%%

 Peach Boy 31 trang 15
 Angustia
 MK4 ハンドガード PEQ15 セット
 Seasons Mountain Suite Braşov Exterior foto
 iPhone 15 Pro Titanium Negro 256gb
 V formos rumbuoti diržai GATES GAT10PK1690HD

%%

Reproduce the listing above verbatim, from first line to last.

• **Answer for this exercise**:
 Peach Boy 31 trang 15
 Angustia
 MK4 ハンドガード PEQ15 セット
 Seasons Mountain Suite Braşov Exterior foto
 iPhone 15 Pro Titanium Negro 256gb
 V formos rumbuoti diržai GATES GAT10PK1690HD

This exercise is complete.